For this, take all the kachori ingredients and mix well in a bowl until dough is formed.(Mix using your hands like for rotis).Make small balls out of the mixture.Using a rolling pin, roll them out till about palm size (not very big).
Put a little of the filling in each of the balls and roll the sides so as to seal the kachoori.Deep fry in hot oil till golden brown. Drain on kitchen paper and serve immediately

Gujjia
Ingredients:
16 ounces maida (flour)
34 ounces khoya
3 tbps kismis (raisins)
¼ cup almonds (cut into thin strips)
6 tbsp cooking oil. (Keep some more aside for deep frying)
¼ cup water.
16 oz sugar.

Method

Mix the six tablespoons of oil with the maida where the mixture takes the form of breadcrumbs. Now add some water and knead lightly. Keep adding water as required and knead into soft dough. Set aside and cover with a damp cloth. Put the khoya in a deep-frying pan and fry to a light brown color. Add sugar into the khoya and mix well. Add almonds and kismis. Fry for a few minutes and remove from the fire. Let it cool; roll out the kneaded dough into a chapati, thicker and smaller than a normal chapati. Fill half the chapati with the khoya mixture, fold the chapati and seal the round, twisting the edges inwards. Take care that the filling does not ooze out. Deep fry these gujjias, a few at a time, till they are a deep golden brown. Fry on a slow fire. When done, take them out with a sieve type ladle, draining the oil completely. Let them drain further on a paper towel.

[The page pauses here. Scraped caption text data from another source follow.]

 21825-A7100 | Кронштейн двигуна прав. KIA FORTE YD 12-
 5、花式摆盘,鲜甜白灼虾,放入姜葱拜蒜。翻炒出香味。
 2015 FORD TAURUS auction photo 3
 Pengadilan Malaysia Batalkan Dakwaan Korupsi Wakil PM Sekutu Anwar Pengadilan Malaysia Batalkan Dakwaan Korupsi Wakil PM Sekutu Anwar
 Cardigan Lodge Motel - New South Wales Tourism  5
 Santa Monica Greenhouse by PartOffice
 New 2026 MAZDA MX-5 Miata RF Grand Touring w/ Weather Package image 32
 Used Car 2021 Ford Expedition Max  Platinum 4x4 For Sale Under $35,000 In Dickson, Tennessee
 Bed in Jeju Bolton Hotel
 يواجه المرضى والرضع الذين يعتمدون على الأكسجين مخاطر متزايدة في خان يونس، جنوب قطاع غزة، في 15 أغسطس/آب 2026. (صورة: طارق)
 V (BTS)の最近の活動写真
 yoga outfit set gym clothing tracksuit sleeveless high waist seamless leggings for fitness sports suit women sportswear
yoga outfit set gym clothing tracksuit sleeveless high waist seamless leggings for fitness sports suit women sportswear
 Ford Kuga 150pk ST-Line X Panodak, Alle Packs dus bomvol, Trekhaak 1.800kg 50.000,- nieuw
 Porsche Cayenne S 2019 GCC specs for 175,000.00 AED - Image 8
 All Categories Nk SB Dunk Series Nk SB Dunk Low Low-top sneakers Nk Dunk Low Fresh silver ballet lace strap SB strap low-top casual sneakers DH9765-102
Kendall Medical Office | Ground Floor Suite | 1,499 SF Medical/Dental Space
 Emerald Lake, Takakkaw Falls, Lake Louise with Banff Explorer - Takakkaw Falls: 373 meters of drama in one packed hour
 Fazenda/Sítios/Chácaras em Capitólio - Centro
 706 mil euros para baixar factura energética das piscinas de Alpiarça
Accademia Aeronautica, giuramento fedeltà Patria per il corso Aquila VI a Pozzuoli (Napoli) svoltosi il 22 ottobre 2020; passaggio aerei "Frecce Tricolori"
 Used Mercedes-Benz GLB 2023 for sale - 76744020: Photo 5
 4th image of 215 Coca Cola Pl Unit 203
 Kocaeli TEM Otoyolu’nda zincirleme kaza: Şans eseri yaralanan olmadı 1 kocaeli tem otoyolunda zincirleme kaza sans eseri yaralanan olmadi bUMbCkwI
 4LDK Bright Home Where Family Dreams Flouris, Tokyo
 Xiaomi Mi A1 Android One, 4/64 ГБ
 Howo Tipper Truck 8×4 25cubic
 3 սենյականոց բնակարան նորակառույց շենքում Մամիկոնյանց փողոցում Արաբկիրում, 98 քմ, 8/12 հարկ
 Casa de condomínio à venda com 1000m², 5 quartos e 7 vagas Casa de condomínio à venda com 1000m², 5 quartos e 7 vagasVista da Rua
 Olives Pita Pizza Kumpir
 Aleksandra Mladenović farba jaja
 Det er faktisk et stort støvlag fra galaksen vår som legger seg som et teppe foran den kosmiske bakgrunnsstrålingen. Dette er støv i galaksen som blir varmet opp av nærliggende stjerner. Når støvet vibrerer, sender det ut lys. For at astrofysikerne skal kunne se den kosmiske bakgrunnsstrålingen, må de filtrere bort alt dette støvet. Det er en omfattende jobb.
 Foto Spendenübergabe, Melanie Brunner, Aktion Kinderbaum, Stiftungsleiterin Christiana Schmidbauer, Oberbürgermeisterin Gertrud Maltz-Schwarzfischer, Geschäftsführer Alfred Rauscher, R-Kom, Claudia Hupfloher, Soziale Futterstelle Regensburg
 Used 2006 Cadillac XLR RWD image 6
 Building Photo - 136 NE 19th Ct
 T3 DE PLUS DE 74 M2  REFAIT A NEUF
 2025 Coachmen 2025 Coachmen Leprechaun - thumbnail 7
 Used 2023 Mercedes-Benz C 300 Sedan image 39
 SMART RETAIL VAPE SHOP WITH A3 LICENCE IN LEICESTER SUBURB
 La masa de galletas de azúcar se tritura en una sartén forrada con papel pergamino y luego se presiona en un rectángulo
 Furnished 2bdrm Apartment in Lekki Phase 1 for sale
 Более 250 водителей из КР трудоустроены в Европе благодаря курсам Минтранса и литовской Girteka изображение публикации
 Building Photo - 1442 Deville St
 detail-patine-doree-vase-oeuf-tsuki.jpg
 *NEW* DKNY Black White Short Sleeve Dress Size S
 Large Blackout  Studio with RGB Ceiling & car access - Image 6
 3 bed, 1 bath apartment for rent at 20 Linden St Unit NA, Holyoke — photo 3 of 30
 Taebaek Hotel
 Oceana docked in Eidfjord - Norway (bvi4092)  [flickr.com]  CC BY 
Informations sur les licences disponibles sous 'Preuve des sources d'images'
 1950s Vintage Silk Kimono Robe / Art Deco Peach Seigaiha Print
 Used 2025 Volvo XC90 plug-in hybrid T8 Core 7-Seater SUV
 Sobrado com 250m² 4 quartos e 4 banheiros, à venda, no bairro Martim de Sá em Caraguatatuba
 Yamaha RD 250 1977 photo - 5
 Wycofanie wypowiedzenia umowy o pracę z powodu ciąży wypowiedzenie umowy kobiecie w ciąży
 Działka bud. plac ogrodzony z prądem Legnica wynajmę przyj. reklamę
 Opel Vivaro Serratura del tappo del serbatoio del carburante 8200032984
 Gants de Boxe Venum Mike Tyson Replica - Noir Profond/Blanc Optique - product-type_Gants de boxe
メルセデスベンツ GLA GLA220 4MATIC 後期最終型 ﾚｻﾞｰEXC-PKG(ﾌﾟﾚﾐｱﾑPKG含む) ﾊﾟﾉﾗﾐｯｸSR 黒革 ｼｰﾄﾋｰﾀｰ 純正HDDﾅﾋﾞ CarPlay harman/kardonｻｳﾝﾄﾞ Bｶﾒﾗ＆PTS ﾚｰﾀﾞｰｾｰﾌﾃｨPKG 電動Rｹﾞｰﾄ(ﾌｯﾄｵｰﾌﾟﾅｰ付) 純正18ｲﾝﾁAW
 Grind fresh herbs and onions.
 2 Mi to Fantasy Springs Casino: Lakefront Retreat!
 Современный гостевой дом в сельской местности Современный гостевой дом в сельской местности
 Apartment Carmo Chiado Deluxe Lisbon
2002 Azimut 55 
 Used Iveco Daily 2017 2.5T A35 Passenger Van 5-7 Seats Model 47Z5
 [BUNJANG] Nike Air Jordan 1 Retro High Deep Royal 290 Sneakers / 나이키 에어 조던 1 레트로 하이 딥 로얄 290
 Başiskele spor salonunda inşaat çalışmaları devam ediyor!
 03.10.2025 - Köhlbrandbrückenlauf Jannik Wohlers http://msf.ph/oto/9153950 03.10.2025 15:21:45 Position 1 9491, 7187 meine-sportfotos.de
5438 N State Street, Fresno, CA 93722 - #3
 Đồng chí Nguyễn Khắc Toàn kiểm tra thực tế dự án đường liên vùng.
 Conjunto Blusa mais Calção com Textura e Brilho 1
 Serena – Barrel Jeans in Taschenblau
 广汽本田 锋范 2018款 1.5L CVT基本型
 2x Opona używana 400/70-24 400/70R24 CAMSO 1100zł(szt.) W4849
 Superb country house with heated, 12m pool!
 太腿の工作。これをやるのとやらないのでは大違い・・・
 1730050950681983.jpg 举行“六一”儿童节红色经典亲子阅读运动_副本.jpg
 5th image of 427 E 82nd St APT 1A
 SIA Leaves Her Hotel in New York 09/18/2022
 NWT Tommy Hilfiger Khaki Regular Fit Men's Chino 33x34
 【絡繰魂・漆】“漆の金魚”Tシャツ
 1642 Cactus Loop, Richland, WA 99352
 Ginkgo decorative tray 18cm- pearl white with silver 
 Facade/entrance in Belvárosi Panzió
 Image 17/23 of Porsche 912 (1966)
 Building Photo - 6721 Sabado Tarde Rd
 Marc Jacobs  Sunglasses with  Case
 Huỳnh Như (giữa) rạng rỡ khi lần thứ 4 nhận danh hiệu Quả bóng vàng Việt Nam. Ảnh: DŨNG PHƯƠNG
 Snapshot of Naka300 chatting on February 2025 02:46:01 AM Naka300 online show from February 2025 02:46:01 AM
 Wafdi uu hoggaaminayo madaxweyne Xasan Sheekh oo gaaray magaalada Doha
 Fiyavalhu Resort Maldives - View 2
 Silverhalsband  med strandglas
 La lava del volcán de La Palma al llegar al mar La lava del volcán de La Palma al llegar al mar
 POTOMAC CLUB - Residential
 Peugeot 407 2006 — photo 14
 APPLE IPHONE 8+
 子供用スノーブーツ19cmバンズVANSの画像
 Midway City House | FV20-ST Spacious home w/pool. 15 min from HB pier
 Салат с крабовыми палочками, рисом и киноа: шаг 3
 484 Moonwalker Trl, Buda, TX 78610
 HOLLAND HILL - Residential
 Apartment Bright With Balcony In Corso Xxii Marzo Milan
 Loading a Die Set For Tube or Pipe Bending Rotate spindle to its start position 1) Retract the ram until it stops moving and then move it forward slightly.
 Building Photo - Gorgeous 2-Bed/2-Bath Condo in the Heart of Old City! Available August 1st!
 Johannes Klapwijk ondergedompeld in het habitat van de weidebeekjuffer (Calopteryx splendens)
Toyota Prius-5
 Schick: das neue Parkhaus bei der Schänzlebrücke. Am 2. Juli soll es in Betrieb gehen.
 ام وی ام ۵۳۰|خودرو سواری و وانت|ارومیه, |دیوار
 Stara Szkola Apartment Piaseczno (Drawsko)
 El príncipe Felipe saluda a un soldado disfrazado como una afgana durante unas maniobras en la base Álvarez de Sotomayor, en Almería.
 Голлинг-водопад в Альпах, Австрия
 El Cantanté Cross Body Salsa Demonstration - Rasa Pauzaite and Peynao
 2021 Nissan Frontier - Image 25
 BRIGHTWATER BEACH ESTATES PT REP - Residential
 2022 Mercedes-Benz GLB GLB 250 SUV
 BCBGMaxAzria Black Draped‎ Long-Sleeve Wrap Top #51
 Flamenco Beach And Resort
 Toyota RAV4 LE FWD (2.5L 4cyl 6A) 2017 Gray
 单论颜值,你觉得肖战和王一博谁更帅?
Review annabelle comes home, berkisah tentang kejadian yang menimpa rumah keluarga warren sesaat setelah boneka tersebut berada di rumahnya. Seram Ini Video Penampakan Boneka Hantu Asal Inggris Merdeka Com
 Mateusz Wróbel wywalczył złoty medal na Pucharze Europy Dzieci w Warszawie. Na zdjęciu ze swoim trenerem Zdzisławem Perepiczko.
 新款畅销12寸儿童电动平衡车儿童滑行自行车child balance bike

Store for use in an airtight glass jar

 
Shrikand

Ingredients
8 ounces cottage cheese
16 ounces plain yogurt
1 can condensed milk
1/8 teaspoon ground cardamom
1/8 cup mixed chopped nuts

Method
Place
yogurt in cheesecloth and hang from a bowl for about 30 minutes. Water will drain out and the yogurt will be more compact. Blend cottage cheese and condensed milk until creamy. Add in the yogurt. Add nuts and cardamoms. Refrigerate.

Gulabi Sandesh

Ingredients

Chenna/paneer- 16 ounces
khoya/mava- 4 ounces
rose water- 1/4 sp
green elaichi/cardamom powder- 1/4 tsp
powder sugar- 4 tbsp

Method
Prepare the fresh chenna/cottage cheese by using approximately ½ gallon milk. Curdle the milk using 1/2 tsp. lemon juice. Mash up the chenna immediately and mix with the crumbled up khoya, add in rose water, elaichi powder, sugar, and mix until smooth. Shape them into small walnut sized balls and steam for 10-12mins. Garnish with rose petals and serve.